**Assignment**
Locate the line that contains "NEMCO PARTS Nemco" in the entries below, then repeat it and every following line through the line that contains "nantes -- marriere", exactly, and no others.

Saved data entries
++++++++++++++++++++

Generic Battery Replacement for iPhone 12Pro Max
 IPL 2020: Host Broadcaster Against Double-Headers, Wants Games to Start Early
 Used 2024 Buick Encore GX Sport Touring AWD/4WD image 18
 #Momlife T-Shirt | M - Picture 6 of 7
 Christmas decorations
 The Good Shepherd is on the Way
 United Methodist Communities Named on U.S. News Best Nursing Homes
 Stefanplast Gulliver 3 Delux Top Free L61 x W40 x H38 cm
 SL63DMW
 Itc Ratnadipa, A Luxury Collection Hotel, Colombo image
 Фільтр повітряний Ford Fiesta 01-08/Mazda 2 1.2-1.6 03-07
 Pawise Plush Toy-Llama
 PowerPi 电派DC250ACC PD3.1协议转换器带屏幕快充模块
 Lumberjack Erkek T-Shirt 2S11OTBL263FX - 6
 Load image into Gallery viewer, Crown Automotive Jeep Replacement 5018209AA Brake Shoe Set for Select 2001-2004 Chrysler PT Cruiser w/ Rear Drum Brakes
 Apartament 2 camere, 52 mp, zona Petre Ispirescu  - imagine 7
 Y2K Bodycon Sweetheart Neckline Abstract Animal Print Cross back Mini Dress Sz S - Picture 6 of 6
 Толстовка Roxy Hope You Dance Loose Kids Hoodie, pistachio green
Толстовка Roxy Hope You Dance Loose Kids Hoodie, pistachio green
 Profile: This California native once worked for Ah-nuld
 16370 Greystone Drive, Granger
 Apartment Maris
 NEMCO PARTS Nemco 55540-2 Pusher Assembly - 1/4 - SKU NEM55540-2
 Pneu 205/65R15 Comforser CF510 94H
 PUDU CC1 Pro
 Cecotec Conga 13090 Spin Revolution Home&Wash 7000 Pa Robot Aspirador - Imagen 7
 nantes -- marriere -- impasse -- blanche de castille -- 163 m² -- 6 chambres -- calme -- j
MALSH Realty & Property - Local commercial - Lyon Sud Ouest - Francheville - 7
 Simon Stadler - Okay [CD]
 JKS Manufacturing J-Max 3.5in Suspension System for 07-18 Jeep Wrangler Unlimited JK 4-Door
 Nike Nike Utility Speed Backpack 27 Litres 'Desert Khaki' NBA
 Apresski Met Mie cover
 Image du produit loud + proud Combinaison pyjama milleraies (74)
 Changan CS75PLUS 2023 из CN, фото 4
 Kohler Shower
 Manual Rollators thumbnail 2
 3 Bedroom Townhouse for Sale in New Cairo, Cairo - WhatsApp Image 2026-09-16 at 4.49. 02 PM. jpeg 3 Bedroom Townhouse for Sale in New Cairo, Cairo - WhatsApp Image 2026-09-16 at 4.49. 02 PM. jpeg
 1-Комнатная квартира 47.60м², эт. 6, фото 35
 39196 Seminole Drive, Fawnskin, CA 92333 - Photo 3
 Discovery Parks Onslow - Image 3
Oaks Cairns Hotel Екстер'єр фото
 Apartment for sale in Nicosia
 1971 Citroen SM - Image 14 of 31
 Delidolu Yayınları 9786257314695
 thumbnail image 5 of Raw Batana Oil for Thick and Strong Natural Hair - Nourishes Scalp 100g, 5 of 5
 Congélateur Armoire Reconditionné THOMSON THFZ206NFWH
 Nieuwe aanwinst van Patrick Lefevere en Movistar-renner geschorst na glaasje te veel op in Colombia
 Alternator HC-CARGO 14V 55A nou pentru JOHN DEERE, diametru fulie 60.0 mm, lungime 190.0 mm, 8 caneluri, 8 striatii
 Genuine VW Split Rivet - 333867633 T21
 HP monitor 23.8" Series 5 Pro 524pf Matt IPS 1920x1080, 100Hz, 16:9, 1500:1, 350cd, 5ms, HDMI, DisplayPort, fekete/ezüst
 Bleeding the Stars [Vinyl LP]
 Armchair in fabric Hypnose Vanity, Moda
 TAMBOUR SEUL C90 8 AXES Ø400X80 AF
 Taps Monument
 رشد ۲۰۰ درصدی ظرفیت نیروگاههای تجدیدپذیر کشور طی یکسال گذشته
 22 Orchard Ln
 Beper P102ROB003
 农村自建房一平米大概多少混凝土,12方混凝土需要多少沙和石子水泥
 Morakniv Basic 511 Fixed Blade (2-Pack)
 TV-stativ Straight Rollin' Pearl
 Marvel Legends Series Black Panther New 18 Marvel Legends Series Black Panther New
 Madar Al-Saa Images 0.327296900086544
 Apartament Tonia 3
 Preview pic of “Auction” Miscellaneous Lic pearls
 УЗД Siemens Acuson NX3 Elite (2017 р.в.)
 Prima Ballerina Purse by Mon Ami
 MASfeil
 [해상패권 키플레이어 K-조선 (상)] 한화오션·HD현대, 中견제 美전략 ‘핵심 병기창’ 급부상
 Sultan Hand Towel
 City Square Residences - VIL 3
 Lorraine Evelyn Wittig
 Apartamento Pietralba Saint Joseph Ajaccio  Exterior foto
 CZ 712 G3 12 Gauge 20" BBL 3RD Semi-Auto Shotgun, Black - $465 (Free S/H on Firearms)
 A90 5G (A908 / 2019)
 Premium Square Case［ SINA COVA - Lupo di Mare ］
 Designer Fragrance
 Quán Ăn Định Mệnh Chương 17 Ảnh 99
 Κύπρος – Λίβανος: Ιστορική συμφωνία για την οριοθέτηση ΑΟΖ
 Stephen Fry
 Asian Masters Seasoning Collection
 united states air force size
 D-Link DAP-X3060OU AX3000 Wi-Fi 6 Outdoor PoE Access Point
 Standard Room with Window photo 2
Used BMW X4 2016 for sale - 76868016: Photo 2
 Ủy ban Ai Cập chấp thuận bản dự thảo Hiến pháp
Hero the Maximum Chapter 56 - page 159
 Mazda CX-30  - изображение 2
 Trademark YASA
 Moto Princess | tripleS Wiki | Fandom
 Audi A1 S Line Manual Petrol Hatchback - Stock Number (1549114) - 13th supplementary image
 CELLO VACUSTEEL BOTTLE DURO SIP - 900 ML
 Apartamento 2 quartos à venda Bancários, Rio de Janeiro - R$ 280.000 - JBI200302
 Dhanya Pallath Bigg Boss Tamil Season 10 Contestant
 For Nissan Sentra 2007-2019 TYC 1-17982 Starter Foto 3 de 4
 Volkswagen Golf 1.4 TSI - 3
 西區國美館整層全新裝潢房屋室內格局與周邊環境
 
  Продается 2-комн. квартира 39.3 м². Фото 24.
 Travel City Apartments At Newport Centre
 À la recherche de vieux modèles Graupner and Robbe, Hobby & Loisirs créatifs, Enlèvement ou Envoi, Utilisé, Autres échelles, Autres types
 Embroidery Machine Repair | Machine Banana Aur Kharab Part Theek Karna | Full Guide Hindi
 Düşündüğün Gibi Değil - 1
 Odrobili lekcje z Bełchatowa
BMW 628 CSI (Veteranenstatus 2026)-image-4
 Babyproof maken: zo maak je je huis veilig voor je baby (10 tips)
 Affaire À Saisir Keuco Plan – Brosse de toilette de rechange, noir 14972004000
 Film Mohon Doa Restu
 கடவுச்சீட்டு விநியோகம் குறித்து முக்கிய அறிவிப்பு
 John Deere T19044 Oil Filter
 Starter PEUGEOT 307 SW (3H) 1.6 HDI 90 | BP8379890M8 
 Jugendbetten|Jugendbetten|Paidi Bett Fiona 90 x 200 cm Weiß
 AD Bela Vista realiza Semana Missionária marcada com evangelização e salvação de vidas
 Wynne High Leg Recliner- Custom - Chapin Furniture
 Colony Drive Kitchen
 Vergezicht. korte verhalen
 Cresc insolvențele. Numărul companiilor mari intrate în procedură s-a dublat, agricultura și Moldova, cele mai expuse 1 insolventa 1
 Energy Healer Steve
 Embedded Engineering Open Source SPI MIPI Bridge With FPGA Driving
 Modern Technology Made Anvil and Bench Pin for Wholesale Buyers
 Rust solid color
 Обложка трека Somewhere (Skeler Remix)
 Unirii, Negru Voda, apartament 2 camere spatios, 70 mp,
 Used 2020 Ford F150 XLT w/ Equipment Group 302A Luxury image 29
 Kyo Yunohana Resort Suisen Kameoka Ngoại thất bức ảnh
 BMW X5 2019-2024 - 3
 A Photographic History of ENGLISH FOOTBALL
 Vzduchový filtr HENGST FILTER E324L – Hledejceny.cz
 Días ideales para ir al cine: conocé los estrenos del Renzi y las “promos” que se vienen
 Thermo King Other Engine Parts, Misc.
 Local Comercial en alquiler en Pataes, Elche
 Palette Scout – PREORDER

++++++++++++++++++++

**Response to the task**
 NEMCO PARTS Nemco 55540-2 Pusher Assembly - 1/4 - SKU NEM55540-2
 Pneu 205/65R15 Comforser CF510 94H
 PUDU CC1 Pro
 Cecotec Conga 13090 Spin Revolution Home&Wash 7000 Pa Robot Aspirador - Imagen 7
 nantes -- marriere -- impasse -- blanche de castille -- 163 m² -- 6 chambres -- calme -- j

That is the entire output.